Task goal => An exact copy of every record, without the pictures, is what should come back.

Records for this task =>

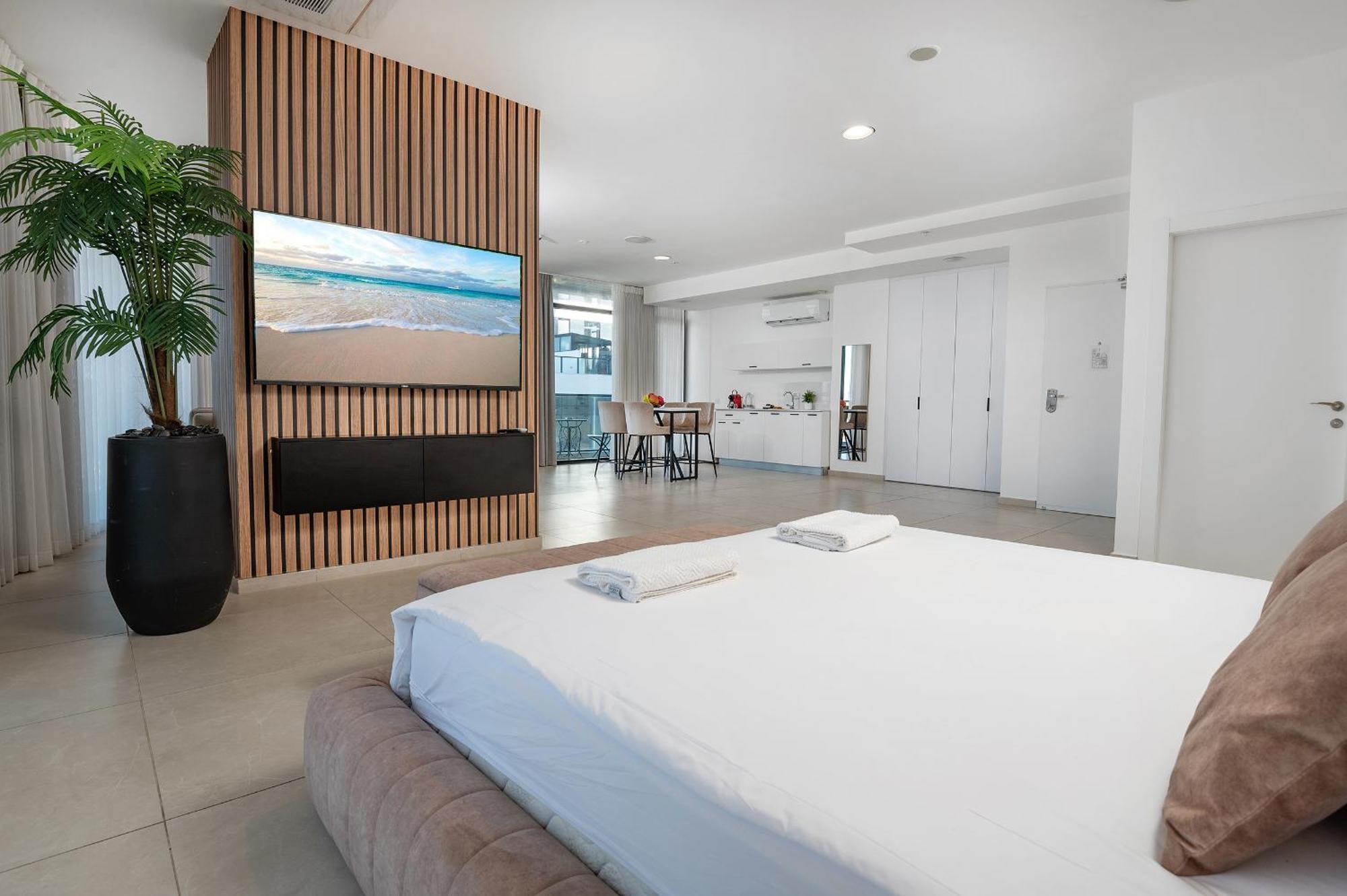Hi-Yam Seaview Apartments & Suites - יש ממ"ד バト・ヤム 部屋 写真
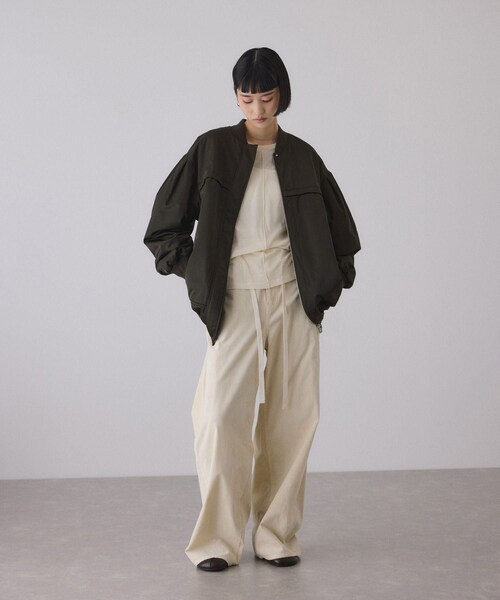ADAM ET ROPE'(アダムエロペ)の「【WEB限定】・【定番】パフスリーブMA1(MA-1・レディース・ブラック/ダークブラウン/ブラウン・F)」の9枚目の写真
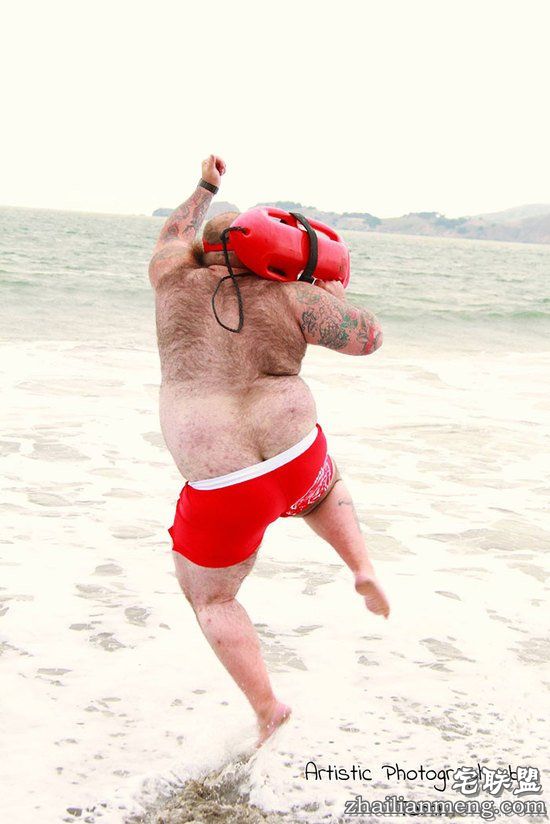 胡子大叔拍性感写真扮美人鱼，天真表情辣瞎双眼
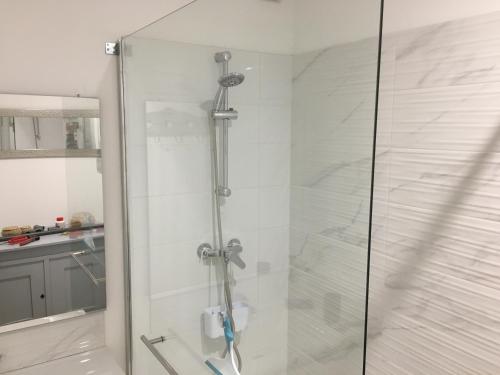Bilik mandi di La cathare appartement
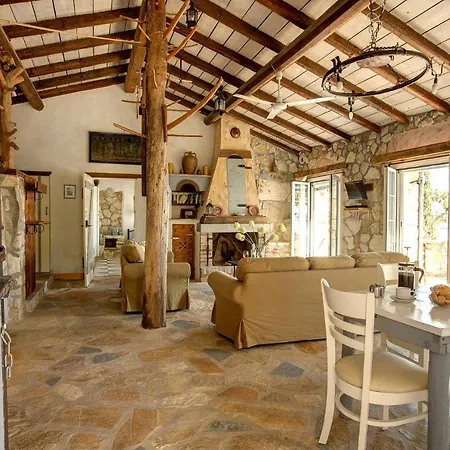 Villa Scirocco & Folitsa Agnitsini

Written solution =>
Hi-Yam Seaview Apartments & Suites - יש ממ"ד バト・ヤム 部屋 写真
ADAM ET ROPE'(アダムエロペ)の「【WEB限定】・【定番】パフスリーブMA1(MA-1・レディース・ブラック/ダークブラウン/ブラウン・F)」の9枚目の写真
 胡子大叔拍性感写真扮美人鱼，天真表情辣瞎双眼
Bilik mandi di La cathare appartement
 Villa Scirocco & Folitsa Agnitsini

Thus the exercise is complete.